Lemberger explained that while the defendants involved had illegal bribery intentions in their sexual relationship, that they also appeared to have wanted that relationship based on actual attraction and legal grounds.
Based on these mixed motivations, Lemberger said that the case likely would have been a loser in court.
Back in December 2019, then state attorney Shai Nitzan had said that both former Israel Bar Association president Efi Nave and Netanya Magistrate’s Court Judge Eti Karif would likely be indicted in the scandal.
Nave once controlled the deciding votes on the Judicial Selection Committee and Karif had been accused of engaging in an intimate relationship with him in exchange for his support to get her a judgeship.
In the December 2019 prosecution statement, a second judgeship scandal was closed.
Nave was suspected of engaging in an intimate relationship with a female lawyer married to a male magistrate’s judge in order to gain Nave’s support for the male judge’s promotion to the higher district court level.
Similarly, a probe into Nave’s having a problematic intimate relationship with a legal-intern was closed in December 2019 as improper, but not criminal.
In January 2019, Nave resigned as Israel Bar Association president in the wake of the “sex for judgeship” affair.

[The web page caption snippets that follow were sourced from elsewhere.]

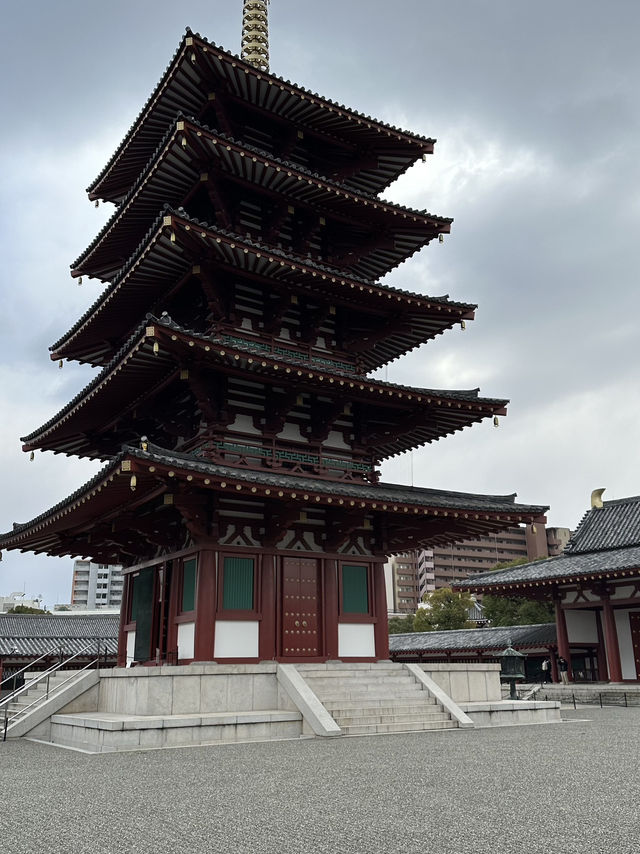 Osaka 🇯🇵: Culture Daylight and Vibrant Nightlife!  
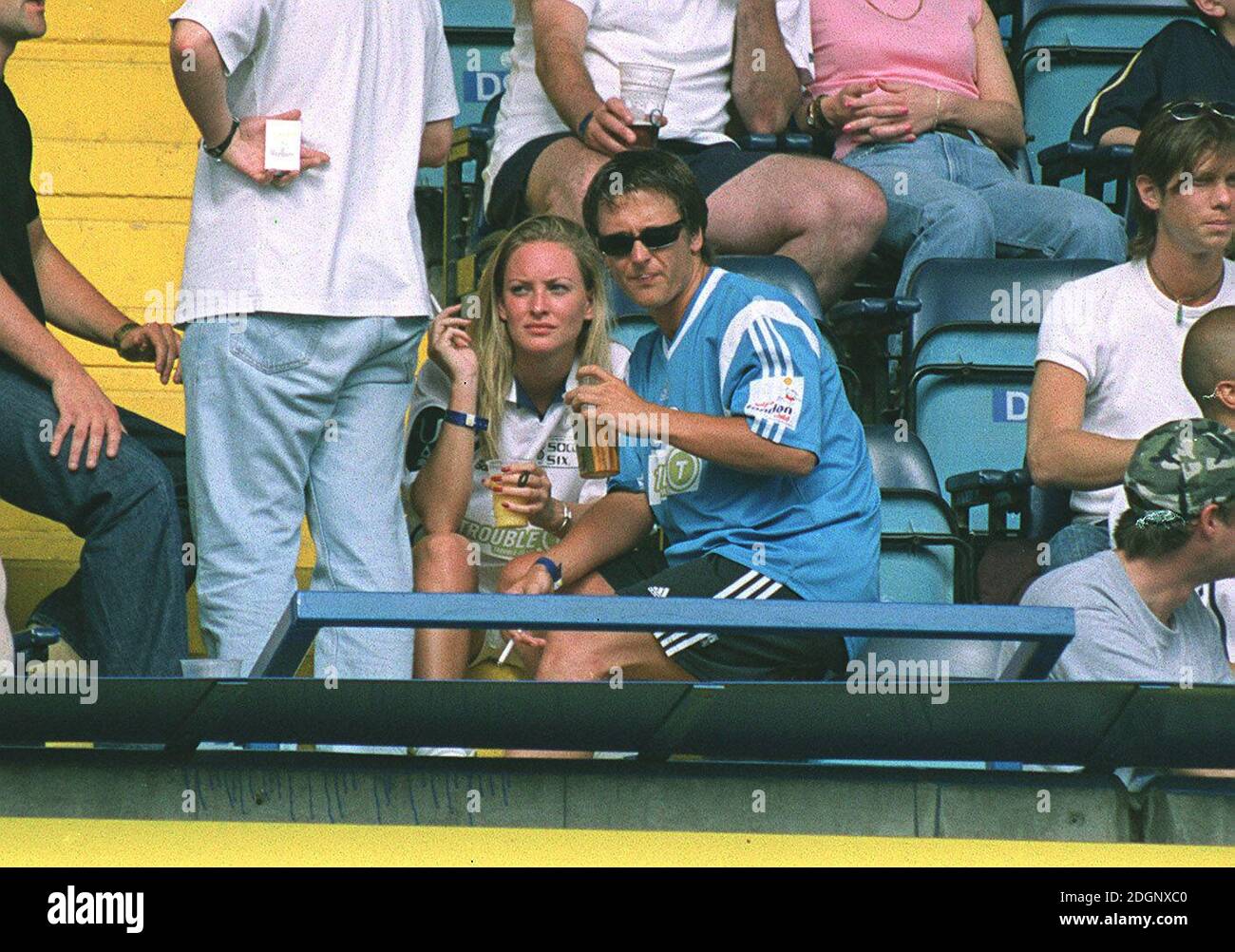 Joanna Taylor con Richie from Five al Concorso di Calcio Six Charity dell'industria della Musica, che si tiene allo Stamford Bridge Ground del Chelsea FC, Londra. Kit calcistico a mezza lunghezza. Foto Stock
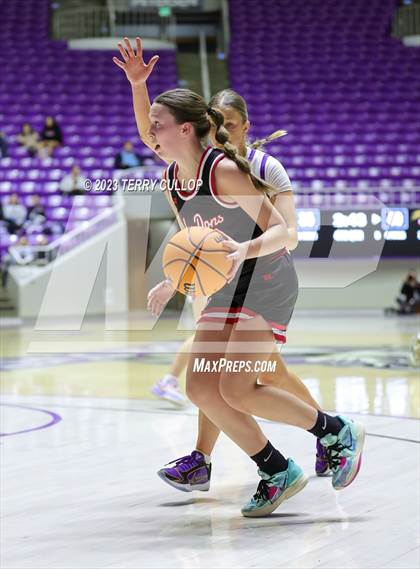 Thumbnail 2 in Lehi vs. Spanish Fork (UHSAA 5A Quarterfinal) photogallery.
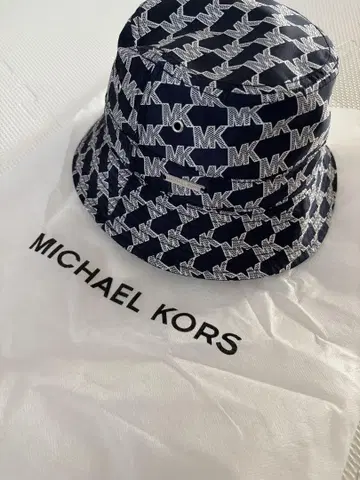MICHAEL KORS 버킷햇 네이비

At the time, Lahav 433 – The National Crime Unit – questioned Nave and two other suspects, one of whom was Karif, for involvement in a scheme of promoting judicial candidates in exchange for sexual favors.
In addition, in January then-justice minister Ayelet Shaked, interviewed on Channel 12 about the Nave saga, defended herself against calls for her resignation due to her political alliance with Nave in the selection of judges.

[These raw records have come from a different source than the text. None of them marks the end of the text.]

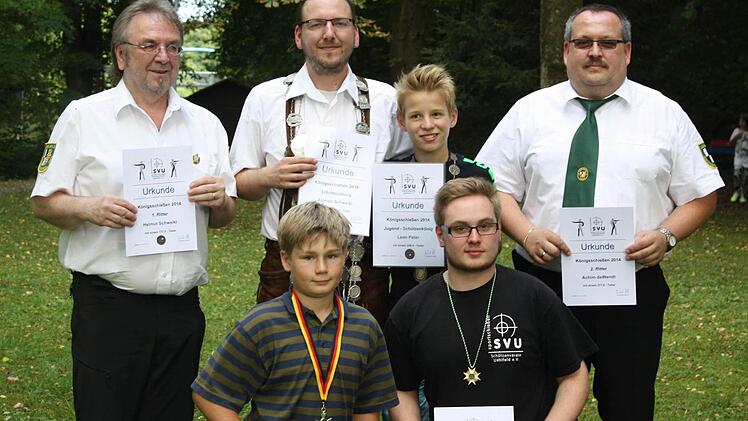 Helmut Schweikl, Florian Schweikl, Leon Peter, Achim de Wendt (hinten v. l.) sowie Jonathan Muschlien und Silvio Hielscher (vorne v. l.) wurden bei den Uehlfelder Schützen geehrt. Foto: Sonja Werner
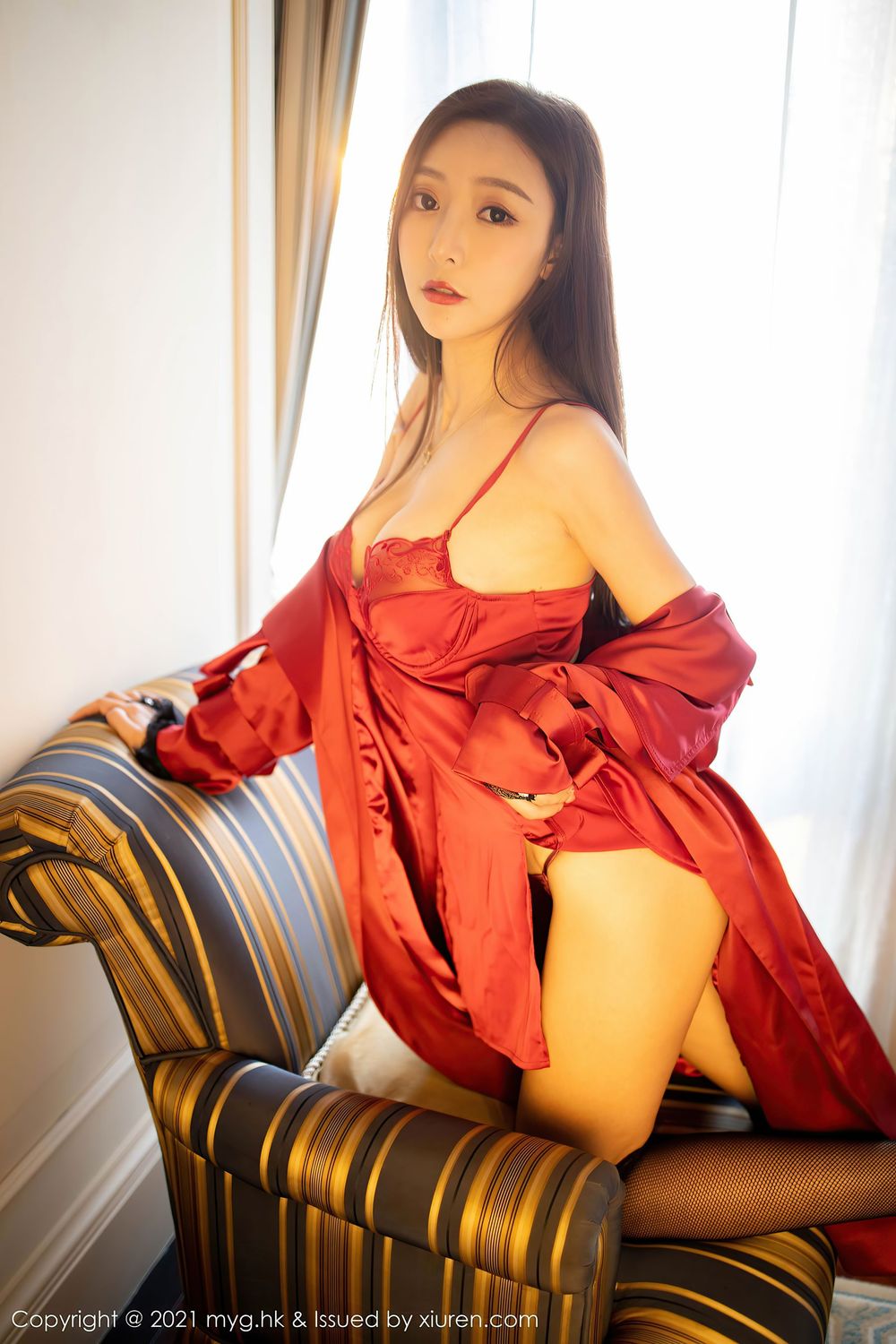 性感女神王馨瑶yanni - 皮衣与蕾丝网袜魅惑写真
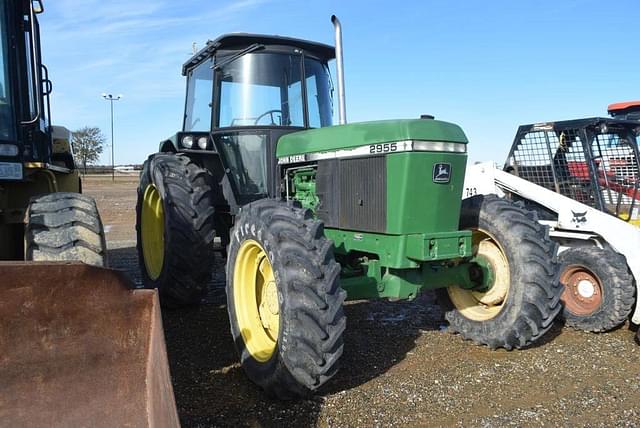 Image of John Deere 2955 equipment image 3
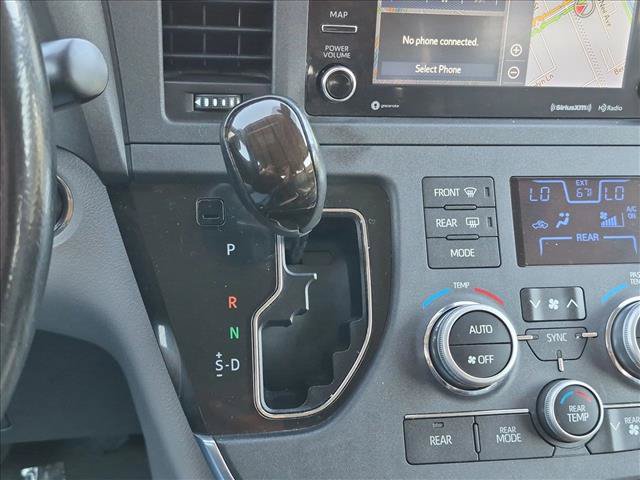 Used 2019 Toyota Sienna XLE w/ XLE Navigation Package FWD image 12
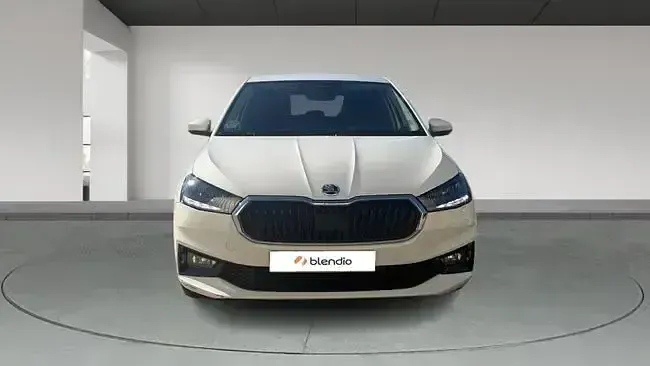 Usado Skoda Fabia 95 CV (69 kW) 2024 Blanco Utilitario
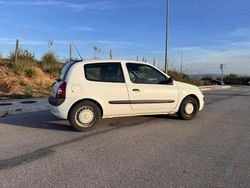 Branco Usado 2006 Renault Clio II Citadino | € 2.850 (Preço justo)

Shaked lashed out at her critics, claiming that in a prior scandal involving an Israel Bar Association official who had formed an alliance with judges on the Judicial Selection Committee, no one called for the judges to resign because of their association with the bar official.
She said that she should not be attacked either, and was only being attacked because left-wing officials are upset over her success at appointing conservative justices to the Supreme Court.

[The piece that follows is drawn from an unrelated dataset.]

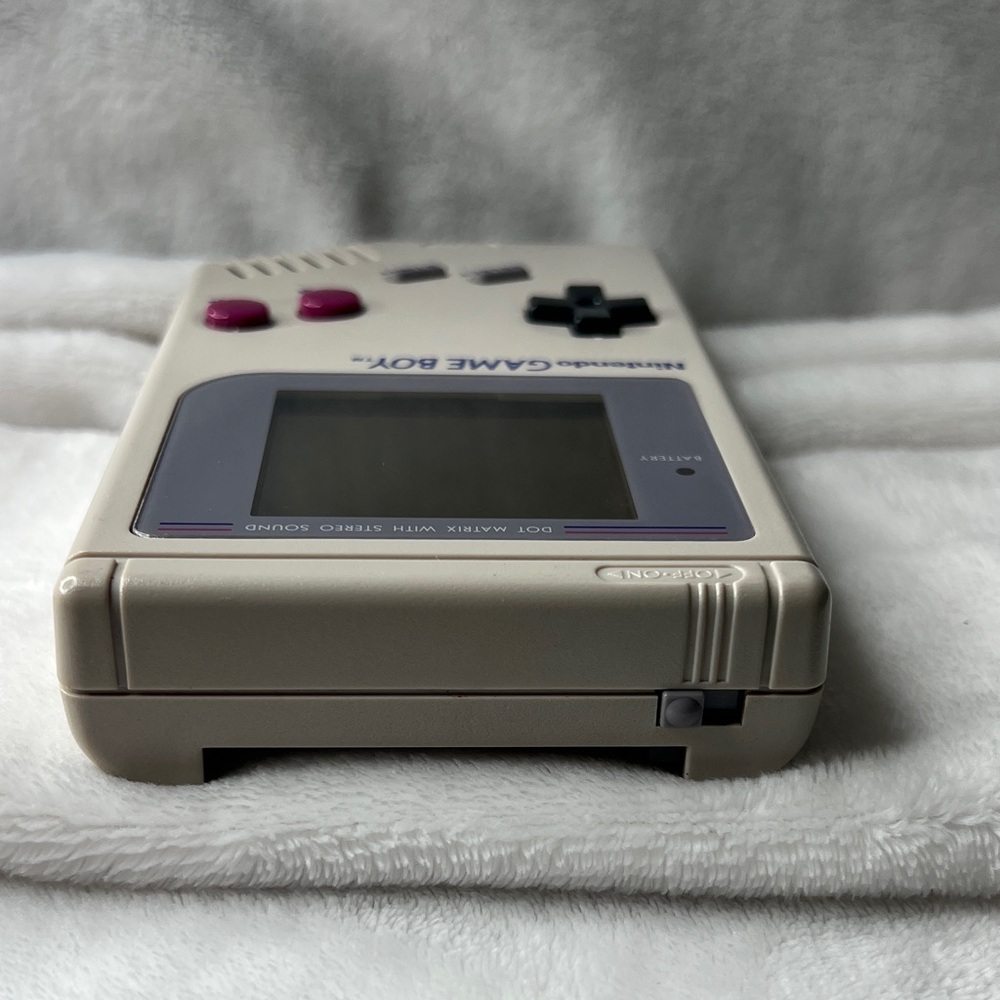 VINTAGE - Nintendo Game Boy Handheld - Picture 5 of 7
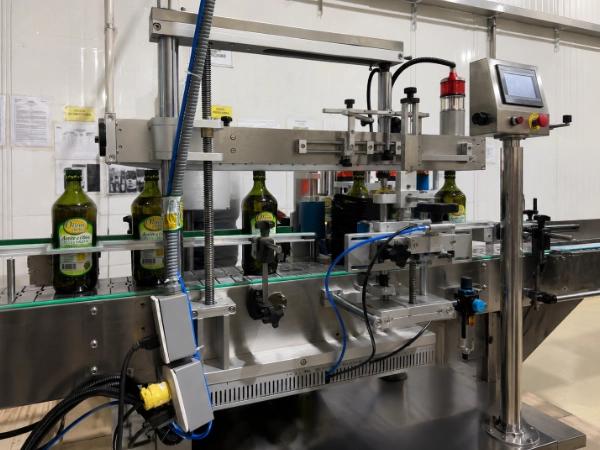 Etiquetadora autoadhesiva de 2 cabezales para botellas de 1 litro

Overall, she said that she trusts the police to find the truth at the heart of the case, and that even if Nave committed criminal acts, his actions should not put in a negative light the hundreds of proper judicial appointments that she, six Supreme Court justices and other officials made.
Shaked, Supreme Court President Esther Hayut and a number of other prominent members of the Judicial Selection Committee were expected to give testimony to police as fact witnesses at some point.